Your answer must be an exact copy of the lines below, from the first through the one with "Tampa, FL 33618", with no pictures.

Information provided →
· · ·

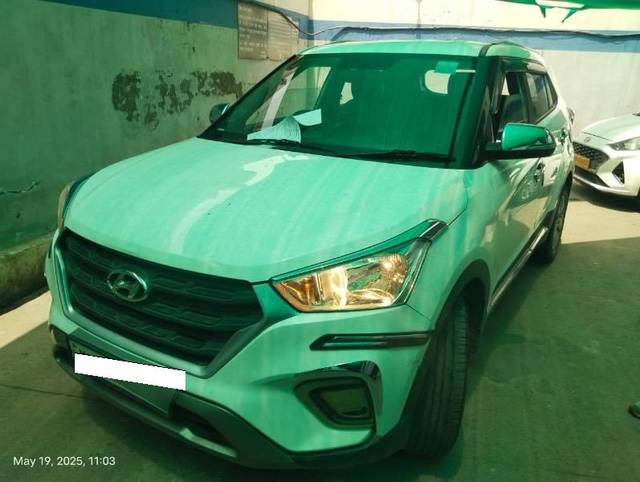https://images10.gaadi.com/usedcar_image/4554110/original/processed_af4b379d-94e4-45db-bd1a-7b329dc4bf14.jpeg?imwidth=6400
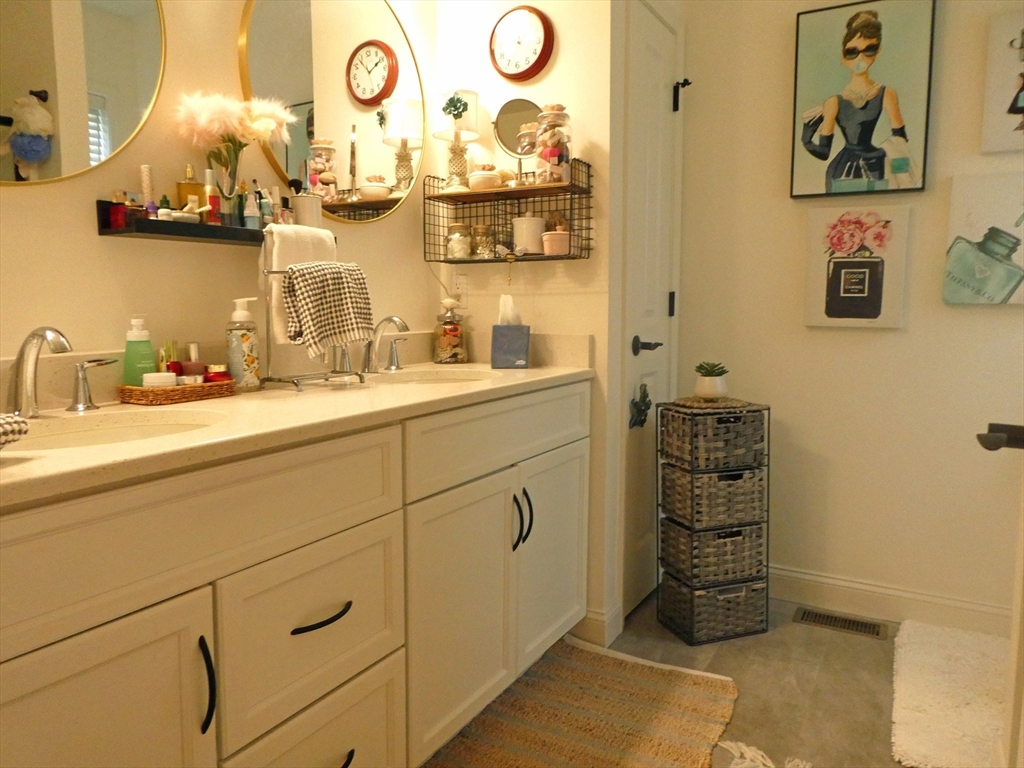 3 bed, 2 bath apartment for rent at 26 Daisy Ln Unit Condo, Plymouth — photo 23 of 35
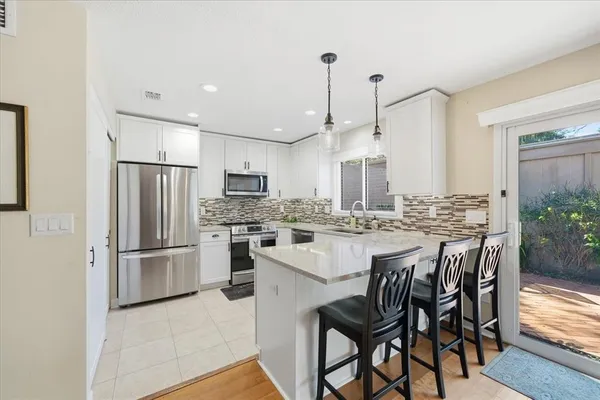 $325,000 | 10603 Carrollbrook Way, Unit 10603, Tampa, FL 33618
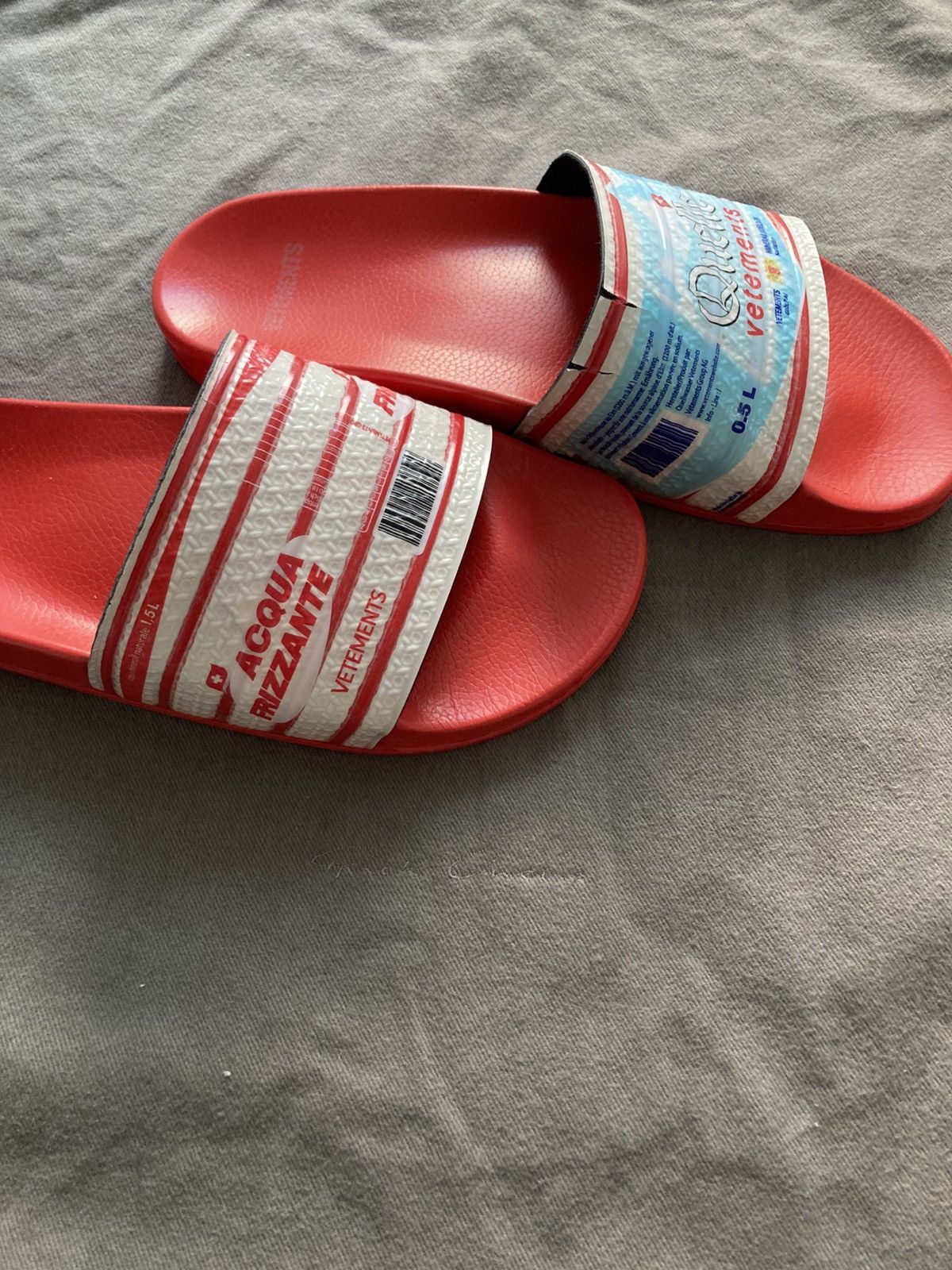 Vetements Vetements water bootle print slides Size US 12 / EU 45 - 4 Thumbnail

· · ·

Result below →
https://images10.gaadi.com/usedcar_image/4554110/original/processed_af4b379d-94e4-45db-bd1a-7b329dc4bf14.jpeg?imwidth=6400
 3 bed, 2 bath apartment for rent at 26 Daisy Ln Unit Condo, Plymouth — photo 23 of 35
 $325,000 | 10603 Carrollbrook Way, Unit 10603, Tampa, FL 33618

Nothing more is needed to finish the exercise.